Have you ever watched a movie and realized, midway through, you were not sure what kind of movie you were watching? Perhaps the protagonist was suffering from scene to scene and you wanted to hope for a good ending. It is difficult to have hope in the middle of a movie when you aren't sure what kind of story you are watching. This past year has caused many to wonder what kind of story we are living through. Was 2020 the harbinger of a tragic end? Or was it a difficult scene in what is otherwise a hopeful tale?
As we live in this in-between time, this already-but-not-yet reality, we must choose to live like people who know we are living in a redemptive story.
MADE NEW NOW
As Christians, we have an advantage when facing a difficult present: We already know the end of the story. God has shown us the narrative arc and the final scene of history: "Behold, I am making all things new" (Rev. 21:5, ESV). The story ends in a new creation, so we have reason to hope. But God's Word does not give us hope only for the future. We also enjoy a foretaste of the coming Kingdom. Jesus declared that even now His Kingdom is at hand, for He is in our midst—reigning in the hearts of His people (see Matt. 4:17, Lk. 17:20-21, Eph. 3:17, Col. 1:27, 2 Cor. 13:5, et al.).
God foretold the dawning of His Kingdom in our hearts through the prophet Ezekiel: "I will give you a new heart and put a new spirit in you; I will remove from you your heart of stone and give you a heart of flesh. And I will put my Spirit in you and move you to follow my decrees and be careful to keep my laws" (Ezek. 36:26-27).
Through Christ's sacrifice on the cross we are utterly changed— transformed completely. Christ's blood is so powerful that Paul could declare, "[I]f anyone is in Christ, the new creation has come: The old has gone, the new is here!" (2 Cor. 5:17).
This means that even now, today, on this side of Christ's first coming, we already experience eternal life. If you have placed your faith in Christ, God's Spirit lives and moves within you. Your once stony heart is now alive. The stain of your past sin has been washed away. You have been freed to live for God, empowered to grow in godliness—to be holy as Almighty God is holy.
ALREADY AND NOT YET
We are already new creations, and yet we still struggle. The battle is won; our victory is sure. And yet, we still fight; we still must don the full armor of God to combat sin, temptation, and our spiritual enemy. Paul gets at this dichotomy in Romans 8. He writes of our life in the Spirit and our freedom from the law of sin and death (see v. 2). He reminds us that the same Spirit who raised Christ from the dead lives in us (see v. 11). He celebrates our adoption as sons of God and inclusion as heirs with Christ (see vv. 15-17). He makes clear that the new creation is not aspirational; it's actual. It is not dependent on our actions, but God's intention.

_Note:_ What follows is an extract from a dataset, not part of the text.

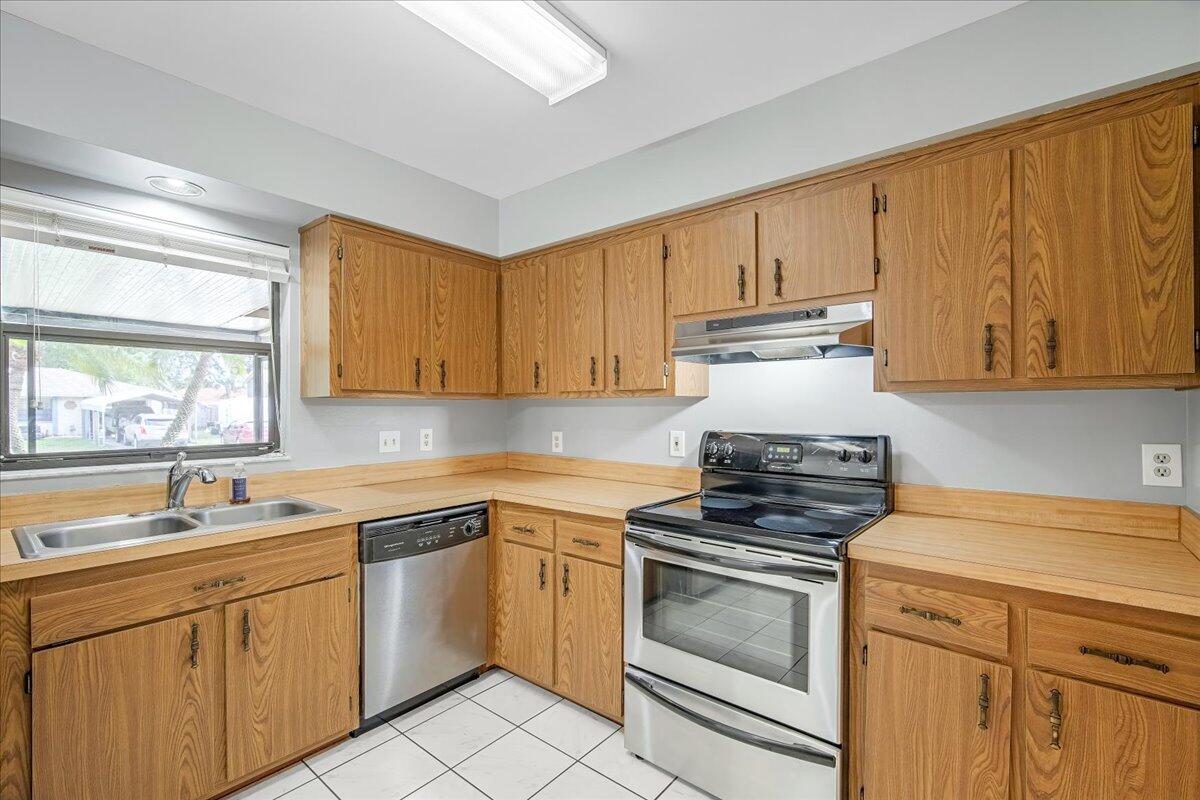 4514 Seattle Street Cocoa, FL 32927 - Photo 19 of 34 a kitchen with cabinets appliances and a window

But Paul also acknowledges "our present sufferings" (v. 18). He sees the creation "groaning" as it awaits the fullness of rebirth (v. 22). Likewise, we, though new creations, still await the final fulfillment of our new birth— that day when our bodies will no longer be subject to death because of sin (see v. 10). We are adopted, but wait eagerly for our adoption (v. 23). We are set free, but long for our final liberation. Although we have tasted of the firstfruits of the Spirit, there is still more to come. At Christ's return, the new Jerusalem will come down out of heaven and God will dwell in our midst. God Himself will wipe our tears away as He makes all things new (see Rev. 21:1-5)!
WHILE WE WAIT
As we live in this in-between time, this already-but-not-yet reality, we must choose to live like people who know we are living in a redemptive story. We must live basking in the glory of our story's fulfillment and the beautiful adventure that awaits us for eternity. This means we participate in God's work in our lives. We do not return to our chains nor harden our hearts so that they again become stone. We live like the heirs of God that we are through Christ. We seek to daily put on the new self, "which is being renewed in knowledge in the image of its Creator" (Col. 3:10), clothing ourselves with Christ whose blood makes our robes white as snow (see Rom. 13:14, Rev. 7:14). And we live with joy. For, He has promised, "Look, I am coming soon! My reward is with me, . . . Blessed are those who wash their robes, that they may have the right to the tree of life and may go through the gates into the city" (Rev. 22:12, 14). Amen. Come quickly, Lord Jesus!